Le argomentazioni svolte al riguardo nel ricorso - incluse quelle
riferite alla pretesa preesistenza al giudicato di titoli abilitativi
sananti tacitamente formatisi - avrebbero potuto e dovuto essere svolte
nel corso delle due fasi di merito del giudizio. 2. Correttamente
è stata denegata la sospensione del procedimento, a fronte
dell'istanza di condono edilizio (ai sensi del D.L. n. 269 del 2003,
art. 32, convertito dalla L. n. 326 del 2003 e della L.R. 16 aprile
2003, n. 4) presentata dal condannato in data 7.12.2004. Il termine per
l'adempimento, infatti, è scaduto dal lontano 7.1.2001.

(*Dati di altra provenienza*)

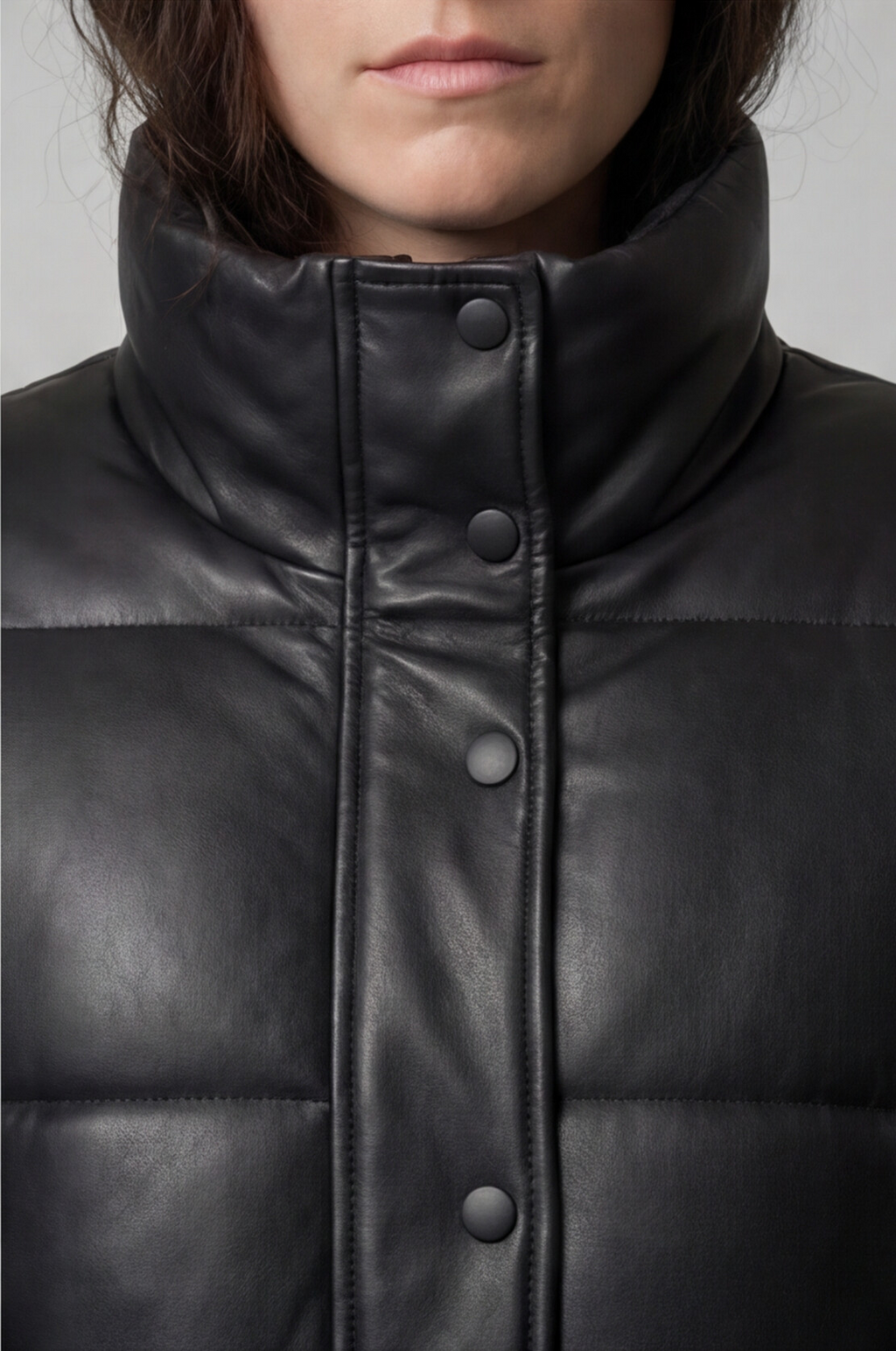 The Y2K Stand‑Collar Bread Jacket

Detto termine - per il principio della obbligatorietà ed
effettività della pena - integra un elemento essenziale
della concessione subordinata del beneficio ed entro la durata di esso
deve essere assolto l'obbligo condizionante, salve le ipotesi (nella
specie insussistenti) di impossibilità assoluta non
dipendente da proprio atto volontario, sicché
legittimamente, in sede esecutiva, dall'ingiustificato decorso
infruttuoso di esso è stato fatto derivare il venire meno
del beneficio.
La subordinazione della sospensione condizionale della pena ad un
obbligo da adempiere entro un determinato termine, assolve, infetti,
alla funzione di dimostrare che il reo è meritevole del
beneficio anzidetto, sicché solo la presenza di fatti a lui
non imputabili e tali da escludere la possibilità di
eseguire quanto prescritto, entro il periodo stabilito, impedisce la
revoca del beneficio. La intervenuta scadenza del termine (stante
l'essenzialità dello stesso per le finalità
perseguite dall'art. 165 cod. pen.) rende irrilevante, pertanto, ai
fini della revoca del beneficio, ogni questione circa la
possibilità di sanatoria (c.d. condono edilizio)

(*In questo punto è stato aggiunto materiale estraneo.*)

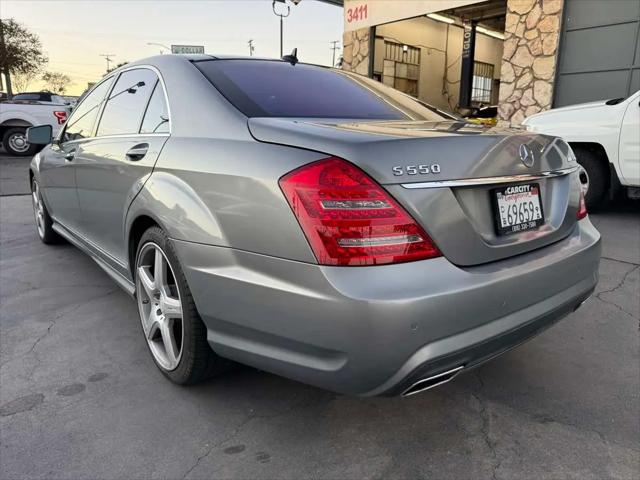 2013 Mercedes-Benz S 550 S 550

riconosciuta dal D.L. 30 settembre 2003, n. 269, art. 32, convenite con
modificazioni dalla L. 24 novembre 2003, n. 326 (vedi Cass., Sez. 3^,
24.2.2004, Borrello ed altra).
Questa Corte ha già evidenziato, in proposito, che il
rilascio di concessione in sanatoria e, comunque, l'adozione di
provvedimenti della P.A. incompatibili con l'ordine di demolizione
impartito con la sentenza di condanna, successivamente al passaggio in
giudicato della decisione medesima, può incidere sulla
concreta eseguibilità della demolizione, ma non incide sulla
revoca della sospensione condizionale della pena ove intervenga in
epoca successiva alla scadenza del termine per L'adempimento della,
condizione cui la sospensione è subordinata.

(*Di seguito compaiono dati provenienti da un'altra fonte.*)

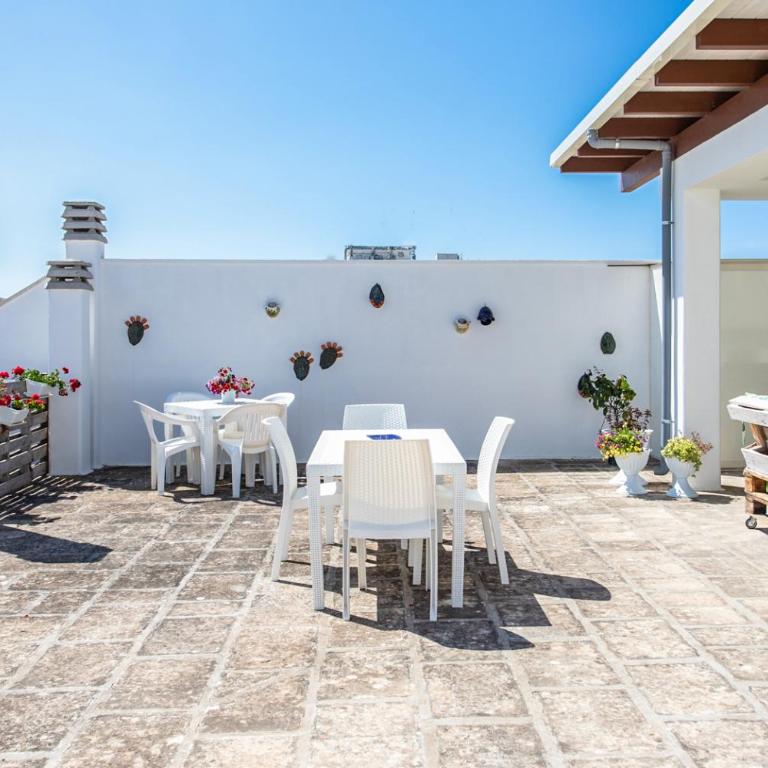 Camere Center House Gallipoli - Camera Matrimoniale con Terrazza - 3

Diversi sono, infetti, i presupposti e la funzione dell'ordine di
demolizione e della subordinazione del beneficio della sospensione
condizionale della pena all'adempimento di un obbligo, sia pure avente
a contenuto l'osservanza dell'ordine demolitorio medesimo, in quanto
tale secondo istituto mira a garantire che il comportamento del reo,
successivamente alla condanna, si adegui concretamente a quel processo
di ravvedimento la cui realizzazione costituisce scopo precipuo
dell'istituto stesso, mentre l'ordine di demolizione soddisfa
l'interesse pubblico all'eliminazione della costruzione abusiva, ove
non intervenga, prima dell'effettiva demolizione, un provvedimento
amministrativo con esso incompatibile: un provvedimento siffatto,
dunque, assume un rilievo logicamente differente nelle due ipotesi, in
relazione all'epoca diversa in cui deve intervenire (vedi Cass., Sez.
3^, 5.3.2004, Raptis).
A tali argomentazioni può obiettarsi che la eventuale
sanatoria amministrativa dell'abuso edilizio rende inutiliter datum
l'ordine di demolizione emesso dall'autorità giudiziaria e
fa venire meno, conseguentemente, la condizione stessa al cui
adempimento è stata subordinata l'operatività
della sospensione condizionale della pena. In una decisione di questa
Sezione è stata rilevata, in detta prospettiva, la
sussistenza di un conflitto di interessi, "l'interesse pubblico alla
rapida definizione delle situazioni giuridiche ed alla riparazione del
bene giuridico violato, mediante l'eliminazione delle conseguenze
dannose o pericolose, da un lato;
l'interesse del condannato, ad evitare la irreparabilità di
un pregiudizio personale in presenza di una situazione giuridica
fluida..., che potrebbe sfociare in una soluzione (la sanatoria
legittima) che contemperi e componga gli interessi in conflitto,
mediante la conformazione dell'interesse privato all'interesse
pubblico". Spetterebbe, dunque, al prudente apprezzamento del giudice
una valutatone prognostica dei possibili esiti e dei tempi di
definizione della procedura in sanatoria (in tal senso Cass., Sez. 3^,
26.5.2003, n. 23998, Bonfante).
Trattasi di considerazioni non condivise da questo Collegio (in
adesione alle deduzioni già svolte da Cass., Sez. 3^,
10.12.2004, Rizzo), perché esse non tengono conto che
l'interesse pubblico alla riparazione del bene giuridico violato
presuppone anche la opportuna tempestività della riparazione
medesima, non procrastinabile "ad libitum" fino ad un tempo assai
lontano da quello assegnato al condannato per l'eliminazione delle
conseguenze dannose o pericolose del reato.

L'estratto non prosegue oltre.